Presidente Prudente registra alta de 80% em denúncias de desvio de função

Denúncias de pejotização ao MPT em Presidente Prudente geram debate sobre direitos e STF deve julgar legalidade do modelo e impacto no trabalho

03 maio, 2026
Carteira de Trabalho e Previdência Social │ Reprodução/Instagram/@bricslat
Carteira de Trabalho e Previdência Social │ Reprodução/Instagram/@bricslat

Neste ano, casos de desvio de função cresceram mais de 80% em Presidente Prudente, no interior de São Paulo. A cidade tem uma população de 235 mil habitantes e se destaca como um dos principais polos industriais e de serviços do oeste paulista.

Segundo dados do Ministério Público do Trabalho (MPT), somente no primeiro trimestre de 2026, foram 11 denúncias registradas. Além disso, o fenômeno conhecido como “pejotização” ganha força na região. Nesse modelo, o trabalhador atua como Pessoa Jurídica (PJ), mas cumpre uma rotina típica de CLT.

Pejotização avança e impacta relações de trabalho

Na prática, a pejotização substitui contratos formais regidos pela CLT. Portanto, empresas evitam encargos trabalhistas ao contratar profissionais como pessoa jurídica. Enquanto isso, os trabalhadores perdem garantias legais importantes. Entre elas, destacam-se férias remuneradas, 13º salário e Fundo de Garantia do Tempo de Serviço (FGTS).

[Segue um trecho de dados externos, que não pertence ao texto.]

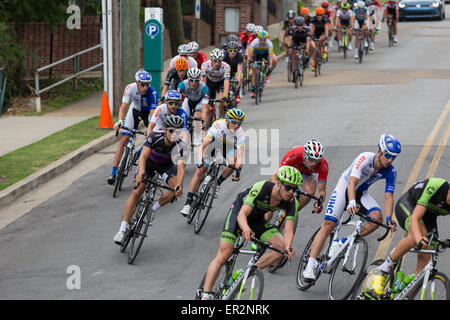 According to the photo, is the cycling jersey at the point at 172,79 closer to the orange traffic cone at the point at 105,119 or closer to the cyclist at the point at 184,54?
the cyclist at the point at 184,54

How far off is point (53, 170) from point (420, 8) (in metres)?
32.1

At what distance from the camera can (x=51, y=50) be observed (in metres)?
26.9

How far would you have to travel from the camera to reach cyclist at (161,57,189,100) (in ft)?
53.9

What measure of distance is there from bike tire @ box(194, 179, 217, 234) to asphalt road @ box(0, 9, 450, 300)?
5.5 inches

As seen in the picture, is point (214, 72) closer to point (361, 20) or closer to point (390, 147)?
point (390, 147)

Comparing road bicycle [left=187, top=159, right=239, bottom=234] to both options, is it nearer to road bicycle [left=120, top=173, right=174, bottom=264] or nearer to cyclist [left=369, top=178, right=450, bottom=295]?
road bicycle [left=120, top=173, right=174, bottom=264]

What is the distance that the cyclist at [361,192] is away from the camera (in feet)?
31.4

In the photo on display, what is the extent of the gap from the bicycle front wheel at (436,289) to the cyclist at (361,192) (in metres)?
1.46

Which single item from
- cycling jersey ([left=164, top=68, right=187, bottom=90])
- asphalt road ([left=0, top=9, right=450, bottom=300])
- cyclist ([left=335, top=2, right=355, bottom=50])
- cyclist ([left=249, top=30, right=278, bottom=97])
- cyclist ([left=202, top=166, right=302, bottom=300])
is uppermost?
cyclist ([left=335, top=2, right=355, bottom=50])

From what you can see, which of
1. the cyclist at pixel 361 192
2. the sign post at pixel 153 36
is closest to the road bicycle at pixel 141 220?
the cyclist at pixel 361 192

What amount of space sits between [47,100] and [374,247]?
609 inches

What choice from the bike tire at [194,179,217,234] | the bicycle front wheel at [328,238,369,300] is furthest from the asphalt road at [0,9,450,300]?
the bicycle front wheel at [328,238,369,300] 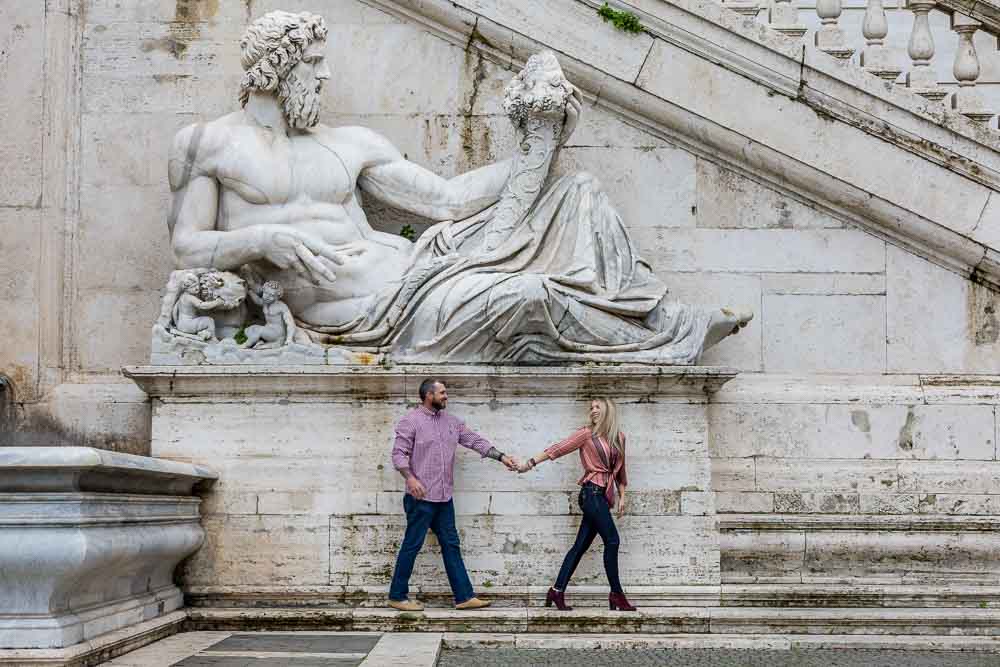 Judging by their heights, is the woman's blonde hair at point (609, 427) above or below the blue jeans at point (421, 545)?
above

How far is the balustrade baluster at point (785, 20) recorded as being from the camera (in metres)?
10.8

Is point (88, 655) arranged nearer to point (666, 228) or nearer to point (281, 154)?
point (281, 154)

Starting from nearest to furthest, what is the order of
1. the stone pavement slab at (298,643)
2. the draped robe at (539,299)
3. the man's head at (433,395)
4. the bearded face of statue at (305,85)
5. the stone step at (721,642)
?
the stone pavement slab at (298,643)
the stone step at (721,642)
the man's head at (433,395)
the draped robe at (539,299)
the bearded face of statue at (305,85)

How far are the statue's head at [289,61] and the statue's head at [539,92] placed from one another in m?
1.21

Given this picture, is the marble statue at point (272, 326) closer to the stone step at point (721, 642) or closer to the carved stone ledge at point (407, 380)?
the carved stone ledge at point (407, 380)

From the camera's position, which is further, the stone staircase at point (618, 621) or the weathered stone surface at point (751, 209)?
the weathered stone surface at point (751, 209)

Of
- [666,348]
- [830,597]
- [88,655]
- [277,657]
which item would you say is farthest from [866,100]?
[88,655]

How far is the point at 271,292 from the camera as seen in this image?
995 centimetres

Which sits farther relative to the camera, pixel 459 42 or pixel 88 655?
pixel 459 42

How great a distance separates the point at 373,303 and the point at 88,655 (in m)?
3.24

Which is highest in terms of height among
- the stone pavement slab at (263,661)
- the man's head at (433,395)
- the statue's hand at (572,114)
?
the statue's hand at (572,114)

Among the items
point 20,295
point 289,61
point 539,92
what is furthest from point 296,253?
point 20,295

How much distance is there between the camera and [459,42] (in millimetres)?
10906

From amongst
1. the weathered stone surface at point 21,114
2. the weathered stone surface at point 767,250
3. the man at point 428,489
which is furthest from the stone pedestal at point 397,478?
the weathered stone surface at point 21,114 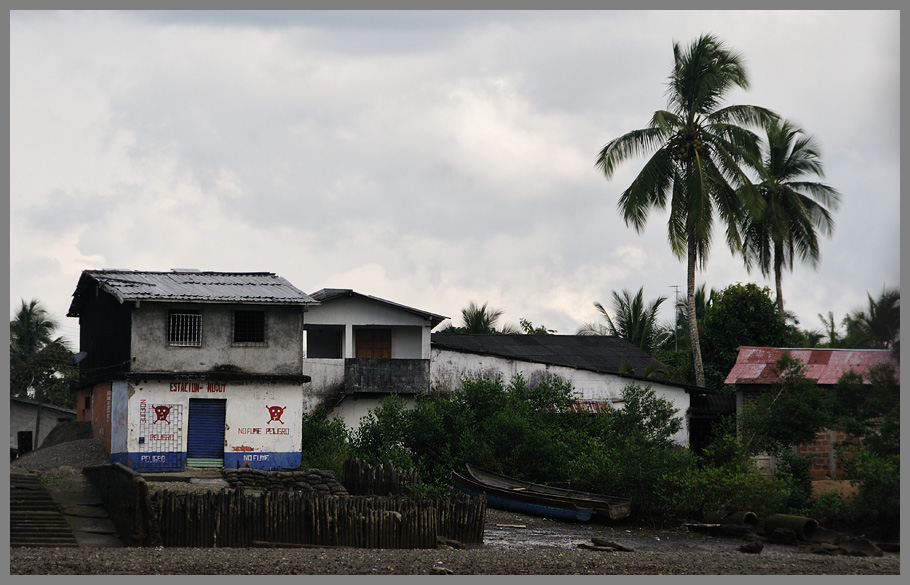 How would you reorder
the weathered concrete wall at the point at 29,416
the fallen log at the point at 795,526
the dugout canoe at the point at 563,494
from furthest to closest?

Segundo especialistas, muitos casos configuram fraude trabalhista. Isso ocorre quando há subordinação, habitualidade e pessoalidade na prestação de serviços. De acordo com a procuradora Vanessa Martini, a prática mascara vínculos empregatícios. Nesse passo, empresas mantêm controle típico de empregador sem reconhecer direitos.

Custos menores e precarização ampliam debate

Por outro lado, empresários defendem o modelo como alternativa flexível. Ainda assim, o principal atrativo segue sendo a redução de custos operacionais. Ao contratar PJs, empresas pagam menos tributos. Além disso, deixam de arcar com benefícios obrigatórios previstos na legislação trabalhista.


Pejotização afeta bolso do trabalhador (Foto: reprodução/Erlon Silva – TRI Digital/Getty Images Embed)


Entretanto, essa economia pode gerar precarização das relações de trabalho. Muitos profissionais ficam desprotegidos em casos de doença ou acidentes. Ainda segundo Martini, esse cenário contribui para o aumento de afastamentos e adoecimentos. Portanto, o debate envolve impactos sociais e econômicos amplos.

STF deve definir limites e regras

Diante desse cenário, o Supremo Tribunal Federal (STF) deve julgar a legalidade da pejotização ainda neste ano e a decisão pode alterar significativamente o mercado de trabalho. Além disso, o julgamento deve definir critérios claros para caracterizar vínculo empregatício. Isso inclui casos envolvendo plataformas digitais.

Enquanto isso, processos seguem suspensos desde 2025. A expectativa, portanto, é por uma definição que traga segurança jurídica. Segundo especialistas, a expansão do modelo se intensificou após a reforma trabalhista de 2017. Além disso, o crescimento do Microempreendedor Individual (MEI) impulsionou essa dinâmica.

Denúncias exigem informações detalhadas

Para denunciar irregularidades, o MPT orienta o envio de informações completas. Quanto mais detalhes, maiores as chances de investigação eficaz. Assim, entre os dados recomendados, estão contratos, funções exercidas e período de trabalho. Além disso, testemunhos podem fortalecer a apuração.


Representante do MPT expõe riscos da pejotização (Vídeo: reprodução/YouTube/@MídiaNINJA-p1k)


Nesse ínterim, o órgão recomenda identificação sigilosa, embora as denúncias possam ser anônimas. Assim, investigadores conseguem solicitar esclarecimentos adicionais. Em outro cenário, a Comissão de Constituição e Justiça (CCJ) da Câmara continua com a análise da proposta que altera a jornada de trabalho no Brasil e prevê o fim da escala 6×1. A medida busca garantir a aprovação ainda em maio, em meio a pressões políticas.

Paralelamente, dados do IBGE indicam aumento recente do desemprego. Esse contexto pode pressionar trabalhadores a aceitar condições precárias. Dessa forma, o avanço da pejotização reflete mudanças estruturais no mercado e, ao mesmo tempo, amplia discussões sobre direitos, custos e proteção social.